Catchin' Up With...Julia Glanz
I was never your traditional business school student. When it was time to decide on a major, I thought that the Perdue School would help me get a job, and it did. I graduated in 2011 with a management major and a minor in political science. I loved my management classes, but could never see myself working in a big corporate office. My heart was more in the political science realm.
Before graduation, I was diligently applying to jobs in the D.C./Baltimore area thinking I needed to get out of Salisbury because many of my classmates were trying to. Luckily, an opportunity presented itself for me to continue my studies at SU and postpone the "real world." For the next two years, I was immersed in the world of conflict resolution in the conflict analysis and dispute resolution master’s program at SU. I learned how to defuse situations, listen better and how to figure out what people really want.
Throughout my undergraduate and graduate years, I took advantage of every internship and opportunity to meet new people. By creating strong relationships through those experiences, I was able to meet someone who worked for the organization with which I later became employed. The American Federation for State, County and Municipal Employees (AFSCME) took a chance on hiring a fresh-out-of-graduate-school student to ensure workers rights on the Eastern Shore. I’m glad they hired me because it enabled me to stay in Salisbury, which I call home, even though I will always be a "come here."

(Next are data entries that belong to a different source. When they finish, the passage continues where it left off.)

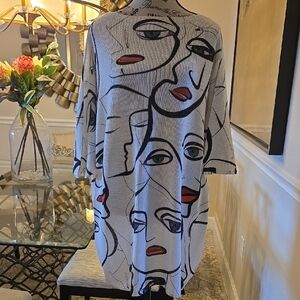 Made In ITALY BRAND Artistic Face Print Sweater Tunic/ Dress
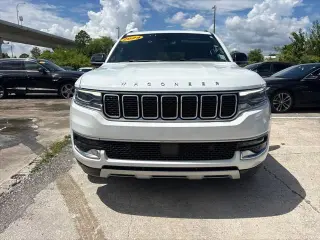 Jeep Wagoneer L 2024 4x2 Serie II 4p SUV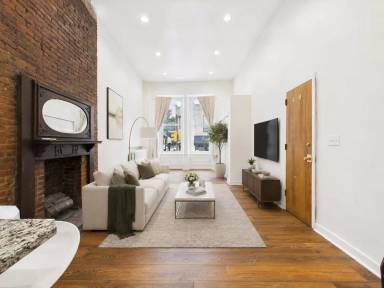 Main picture of 111 S 21st St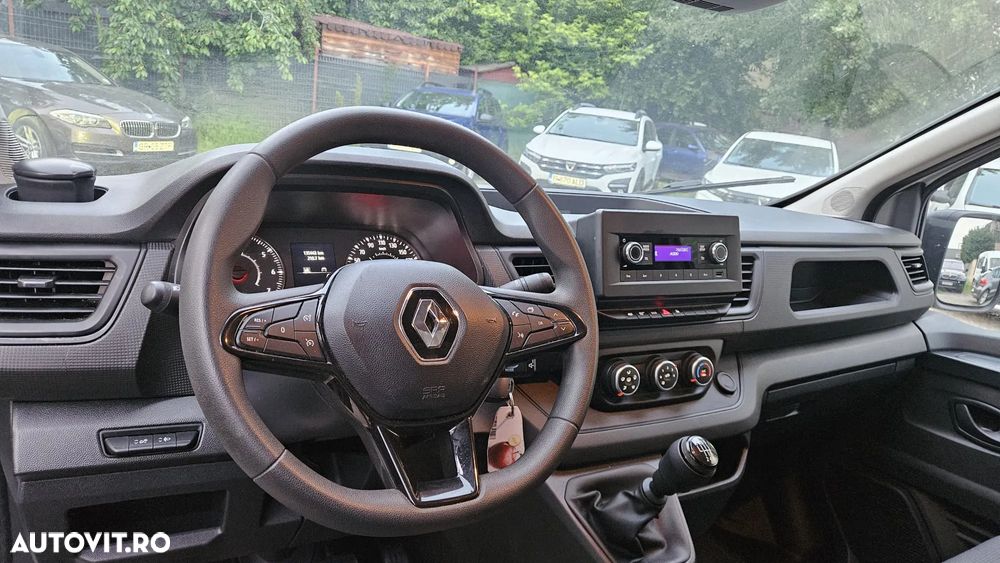 Renault Trafic - 9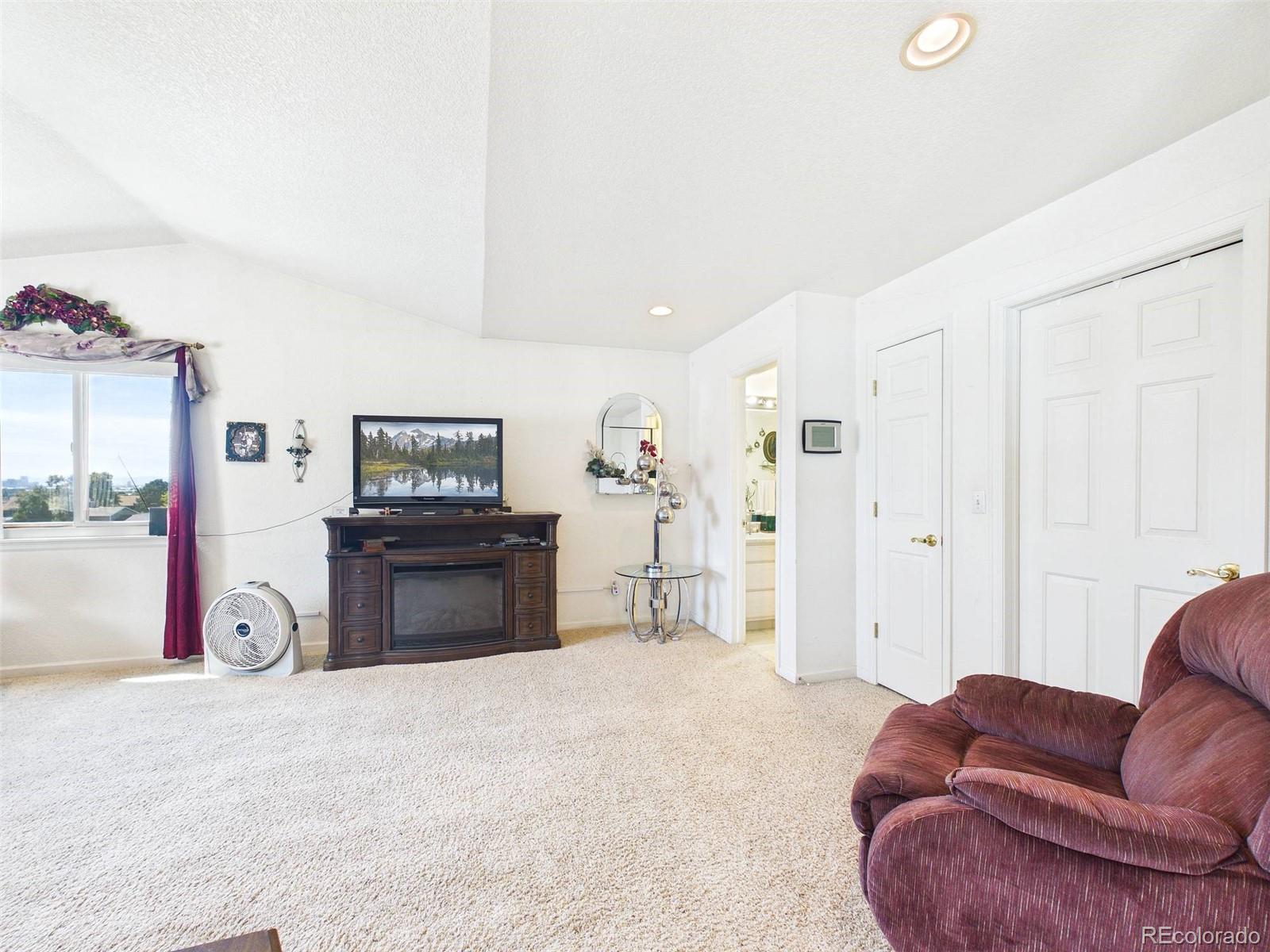 8250 Explorador Calle Denver CO 80229 | MLS #6833130 Image 14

For about two years, I fought for state employee’s rights and protection. State employees have dangerous jobs that many people don’t think about. They are correctional officers keeping us from the most dangerous people, state hospital employees dealing with the mentally ill, social workers doing home visits, state highway workers fixing our roads, and so much more. I made sure employees were safe at work, negotiated contracts, represented their concerns in Annapolis and organized new members. Once you work for a union, I think you can do anything. I loved working for AFSCME, but it wasn’t my true calling.

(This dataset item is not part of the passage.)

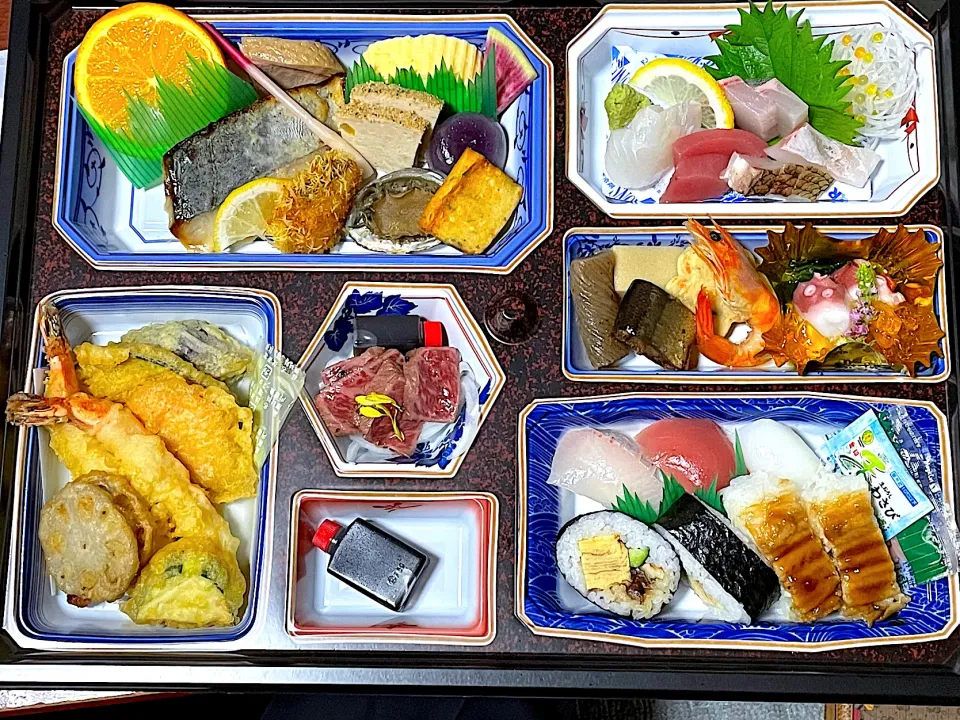 Snapdishの料理写真:法要弁当|besさん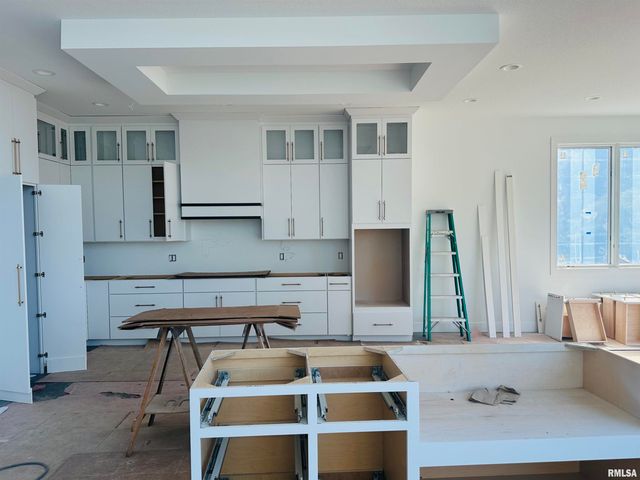 24029 185TH Street, Pleasant Valley, IA 52722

In April of this year, I started working for the City of Salisbury as the assistant city administrator. Every day presents a new challenge, whether it is dealing with our budget (helping to prepare a $50 million plus budget!), risk and emergency management, special projects for the mayor, policy ideas, or working with our 10 department heads and over 400 employees. It is such a great feeling to go to work doing what I absolutely love and knowing that I am helping to make Salisbury a more livable, safe, environmentally healthy and economically viable place for our citizens.

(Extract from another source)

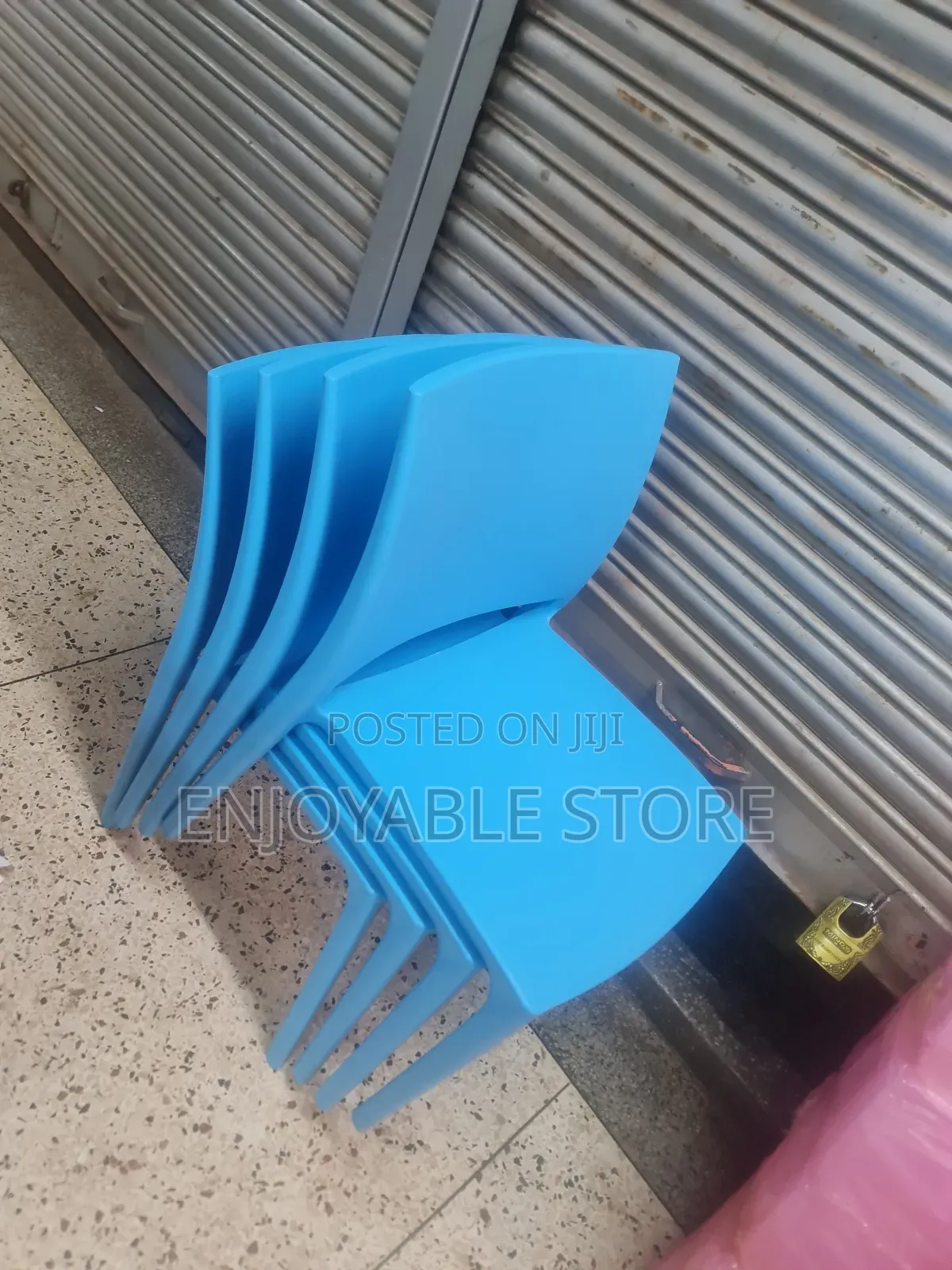 Leisured Plastic Chairs Plastic Chairs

All of the opportunities I took advantage of at SU have set me up for success in the government field I am in right now. I think the mix of business, political science and conflict resolution classes have been the perfect combination for me. Being asked to write for "Catchin’ Up With" has let me reflect on how much the Perdue School of Business taught me. Skills that I use on a daily basis in the Mayor’s Office. Without completing my courses in the Perdue School, my life would be completely different.
I think one of the keys to success is meeting new people and genuinely getting to know them and staying in touch. I have had numerous mentors over the years who have pushed me to do more than I thought possible. Without those relationship and finding new opportunities I wouldn’t be where I am today.
Outside of work, I volunteer with the Guide Dog Foundation and America’s VetDogs as a weekend puppy raiser. It is a program where these organizations work with prisons to have inmates train puppies during the week and volunteers take the same dog each weekend to help socialize them. My dog Barrie will hopefully be a PTSD support dog and work with veterans to make their lives easier. It is an amazing program for all involved: veteran, inmate and weekend puppy raiser.
In 2014, I bought a condo on Main Street in Salisbury and it is wonderful to watch the downtown transform to a more vibrant city core. I’m happy that life worked out the way it did because I always loved the City of Salisbury as a student and now I get to live and work here. We are in the middle of a renaissance in Salisbury, and I know more and more students will have opportunities to stay in the area and give back to the community and school they love.